Rolling Meadows aldermen agreed Tuesday to pay $250,000 to settle the federal employment retaliation lawsuit filed by former City Manager Barry Krumstok.
Krumstok will get a third of that amount, or $83,333.33, in compensatory damages, and his attorney Keith Hunt’s law firm, Hunt Law, will get the other two-thirds, or $166,666.67, for attorney’s fees and costs, under terms of a 10-page general release and settlement agreement approved by the city council.
The payment, authorized on a 6-0 vote of aldermen without any discussion Tuesday night, will be made on the city’s behalf by its insurance coverage provider, the Intergovernmental Risk Management Agency. City officials say the payment won’t affect the city’s budget or residents’ taxes.
In exchange for receiving a check on Jan. 7, 2022, Krumstok will dismiss his lawsuit with prejudice and release the city, its insurance provider and Mayor Joe Gallo of any liability and claims, according to the settlement.
Krumstok sued the city and Gallo July 12, a day before the council voted 5-2 to fire him. The longtime manager said in the suit that the mayor put him on administrative leave and asked for his resignation days before, as a result of a personal vendetta dating to 2019.
Krumstok had written a report that found then-Alderman Gallo harassed another council member; Krumstok contended that since becoming mayor in April 2019, Gallo had threatened to fire him multiple times in retaliation.
Gallo denied the accusations, and the council later gave Krumstok a list of nine reasons they voted to fire him, including a lack of alignment with the council’s vision for the city and resistance to change.
Krumstok, who is Jewish, also alleged religious discrimination in his complaint, saying the mayor had commented inappropriately when he took time off for religious holidays. In an earlier statement, Gallo said he “remains resolute in his support of diversity and inclusion.”
In the settlement agreement, Gallo and the city said they have denied and continue to deny Krumstok’s allegations, and that the payment is being made merely to avoid further litigation.

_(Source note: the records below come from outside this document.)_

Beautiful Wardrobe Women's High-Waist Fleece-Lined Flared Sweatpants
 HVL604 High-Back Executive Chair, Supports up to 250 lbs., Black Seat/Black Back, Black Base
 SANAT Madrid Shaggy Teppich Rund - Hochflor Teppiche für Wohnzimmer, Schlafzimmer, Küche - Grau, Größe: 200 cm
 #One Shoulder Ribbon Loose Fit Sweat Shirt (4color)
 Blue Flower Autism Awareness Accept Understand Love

The agreement also bars Gallo, aldermen and Krumstok from making additional comments to the media about the settlement, its terms, or how it was negotiated, outside of the Sept. 24 joint news release. They also can’t post about it on social media.
Krumstok, a city employee for 22 years and manager for the last 11, had seven months left on his $195,794-a-year contract when he was fired. The agreement says his employment with the city has ceased and the city doesn’t have any obligation to rehire him. But both parties could later mutually waive that provision.
In the meantime, it appears Krumstok’s next gig could be at the Solid Waste Agency of Northern Cook County, an intergovernmental consortium of 23 municipalities including Rolling Meadows.
Under terms of the settlement, the city’s representative on the agency board will vote to support Krumstok’s employment if called upon at a board meeting, and Gallo and city officials won’t try to persuade other member communities to reject Krumstok’s application for employment.